I scoffed. Abel didn’t flinch.

Don’t blame Abel. Please understand that this choice that I made wasn’t an easy one, but I couldn’t let ya choose. You would have chosen me, and that, my darling friend, would have changed history. We needed you to get back in time to defend Monterey. To make that deal with my uncle. I know you’re tired of losin’ people and I’m sorry.

I tore the page out of the book and crumbled it. A flame summoned in my hand as I engulfed the paper in fire and tossed it into the metal trash bin. My mind shifted back to the story Sloan had told her daughter Violet. The one she’d written down for me to share with her one day. As if she thought it was guaranteed.

The story of the warrior queen who saved the princess. Who offered the princess a kingdom to grow, to be free. To call home. The queen made sure no other damsel would ever be in distress because the queen did not want anyone to ever experience an ounce of the pain that she had. Who wanted better for others and dreamed too much.

It wasn’t a fairytale. It was the Grimm Brothers. A story much like the fat tome we pulled out every spooky season, promising to share with our future children.

“Want to hear something funny?” I asked absentmindedly, staring off out the window as workers passed by preparing for the afternoon shift. Abel said nothing, only tilted his head in curiosity. “I have no plan, Abel.”

It wasn’t true. I had one plan. A last ditch effort if all else failed. A plan ‘z’ that had no ‘a’ to start with. But that plan didn’t involve him or any of the rest of them. It only involved me.

“See, that’s not …” He hesitated, searching my face. “I know you’re not used to it, but jokes are supposed to be funny.”

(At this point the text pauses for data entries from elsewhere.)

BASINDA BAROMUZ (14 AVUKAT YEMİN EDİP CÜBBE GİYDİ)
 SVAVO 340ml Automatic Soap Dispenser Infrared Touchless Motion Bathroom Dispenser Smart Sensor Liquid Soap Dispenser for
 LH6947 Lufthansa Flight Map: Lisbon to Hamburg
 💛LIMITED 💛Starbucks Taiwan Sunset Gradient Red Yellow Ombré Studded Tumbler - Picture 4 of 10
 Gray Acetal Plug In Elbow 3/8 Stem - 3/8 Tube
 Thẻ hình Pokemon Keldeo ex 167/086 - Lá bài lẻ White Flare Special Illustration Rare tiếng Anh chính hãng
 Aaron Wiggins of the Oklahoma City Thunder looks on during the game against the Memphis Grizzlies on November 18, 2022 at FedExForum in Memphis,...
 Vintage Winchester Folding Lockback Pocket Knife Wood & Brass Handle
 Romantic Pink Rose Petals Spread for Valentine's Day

“You don’t see me laughing?”

I held his gaze, unblinking. He was the first to look away. Pushing away from the desk, I took a deep inhale, an effort to stabilize myself before losing control. The door splintered as I threw it open, the crack of wood ringing behind me as I made my way toward The Pit.

“My turn.” I hopped into The Ring, Alexiares and Riley already drenched in sweat. I scanned Riley over. Everything about him said he’d been here all day. “Move.”

He stumbled back a few steps at my push, then stopped, taking me in and moved his gaze toward Abel. Abel frowned, his eyes on the ground as Riley shifted his attention to Alexiares, who only shrugged. The two of them peered between Abel and I.

Riley sighed. “What did you do?”

Abel’s dark brown eyes kept steady on the ground. Meek in appearance, but the lack of softness behind his gaze reflected zero regrets. I groaned, unsheathing the small blade at my side.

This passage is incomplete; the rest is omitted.